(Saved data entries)
Content starts
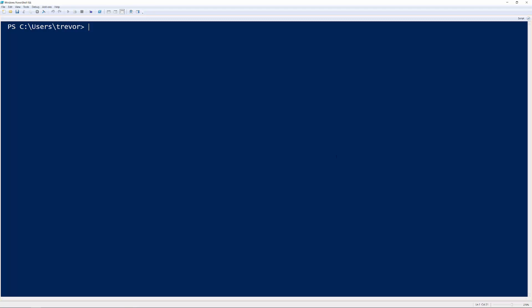Hi guys, Trevor Sullivan, a Microsoft MVP and Docker captain here. I wanted to give you a really quick preview look at this new module that I've created called PS Putty.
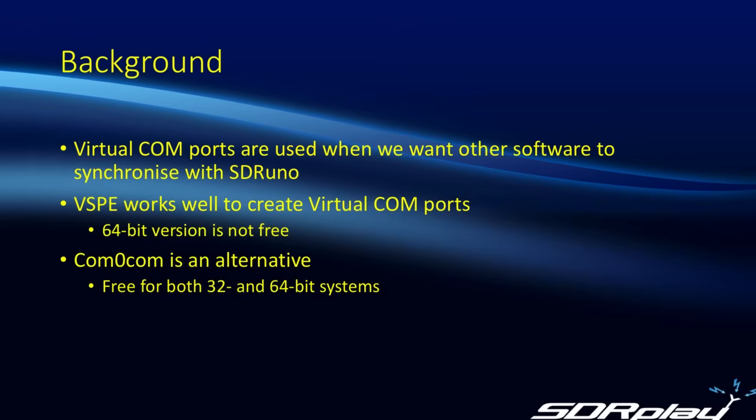Now in previous videos, we showed how to use VSPE, which is software from Eterlogic, to set up virtual COM ports. The only downside to doing that is that while the 32-bit version is free, the 64-bit version will bring up a nag screen asking you to pay for the software.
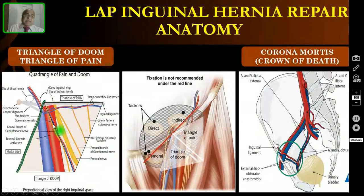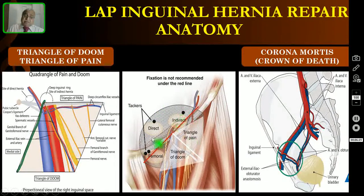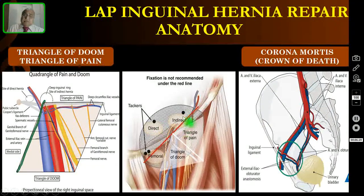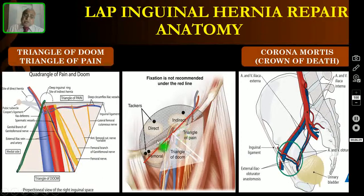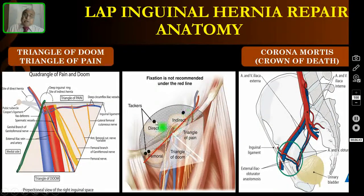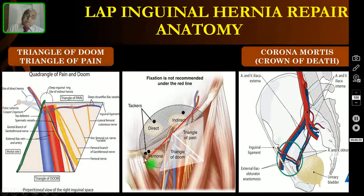The mesh is fixed with tacks — shown as black dots — to the anterior abdominal wall musculature. You should not apply tacks above the iliopubic tract laterally, but medially you can apply them even over Cooper's ligament. Never go below the red line — that is the key rule for safe mesh fixation.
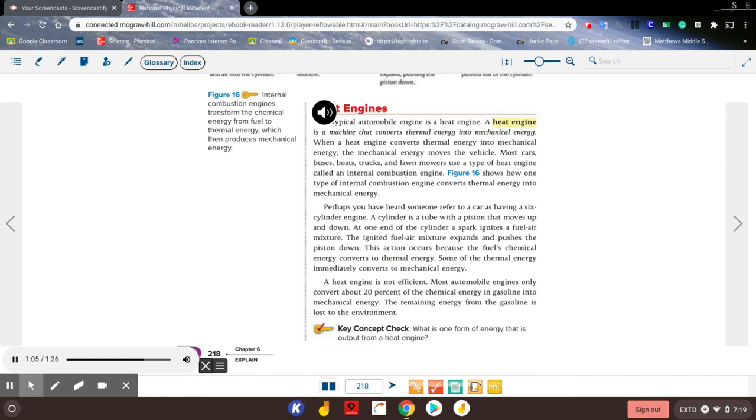A heat engine is not efficient. Most automobile engines only convert about 20% of the chemical energy in gasoline into mechanical energy. The remaining energy from the gasoline is lost to the environment. Key concept check: What is one form of energy that is output from a heat engine?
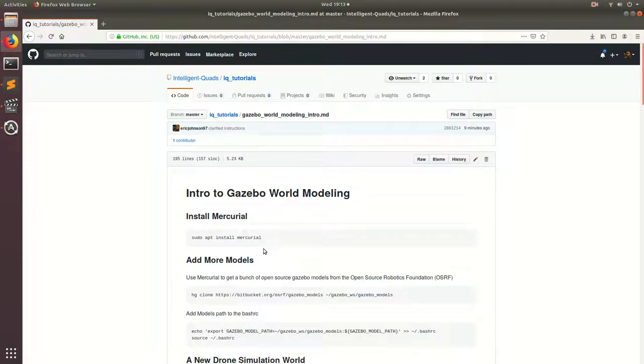Welcome back. In this video, I'm going to be showing you guys how to set up your own Gazebo world and how you can customize it to your own liking. Like in all the previous videos, the follow along link is in the description. So without further ado, let's get started.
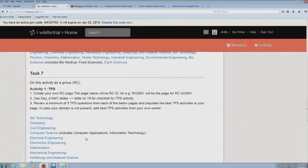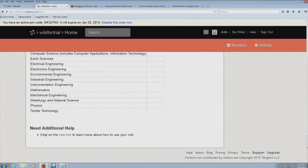This page is actually linked from the wikisfortrial homepage. Go down — if you need additional help, please click the help button. There is a specific instruction there. Click on the help link to learn more about how to use your wiki.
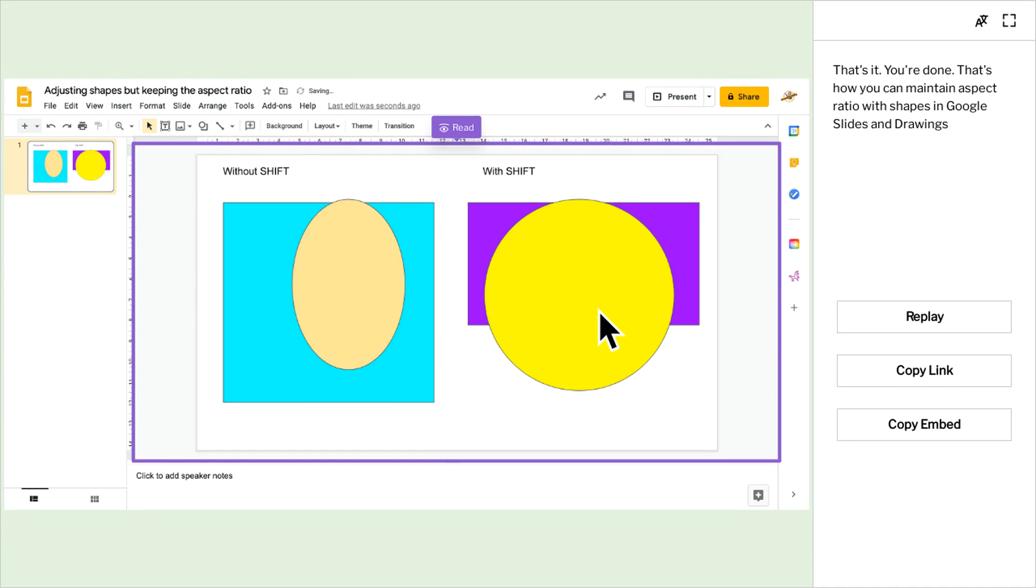And that's it. That's how you can maintain aspect ratios with shapes in Google Slides, and this also works in the same way in Google Drawings. Thank you.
Content ends
-- Work instruction --
Leaving every picture out, return the lines from the one containing "The mesh is" through the last line of the records exactly.

-- Problem solution --
The mesh is fixed with tacks — shown as black dots — to the anterior abdominal wall musculature. You should not apply tacks above the iliopubic tract laterally, but medially you can apply them even over Cooper's ligament. Never go below the red line — that is the key rule for safe mesh fixation.
A heat engine is not efficient. Most automobile engines only convert about 20% of the chemical energy in gasoline into mechanical energy. The remaining energy from the gasoline is lost to the environment. Key concept check: What is one form of energy that is output from a heat engine?
Welcome back. In this video, I'm going to be showing you guys how to set up your own Gazebo world and how you can customize it to your own liking. Like in all the previous videos, the follow along link is in the description. So without further ado, let's get started.
This page is actually linked from the wikisfortrial homepage. Go down — if you need additional help, please click the help button. There is a specific instruction there. Click on the help link to learn more about how to use your wiki.
And that's it. That's how you can maintain aspect ratios with shapes in Google Slides, and this also works in the same way in Google Drawings. Thank you.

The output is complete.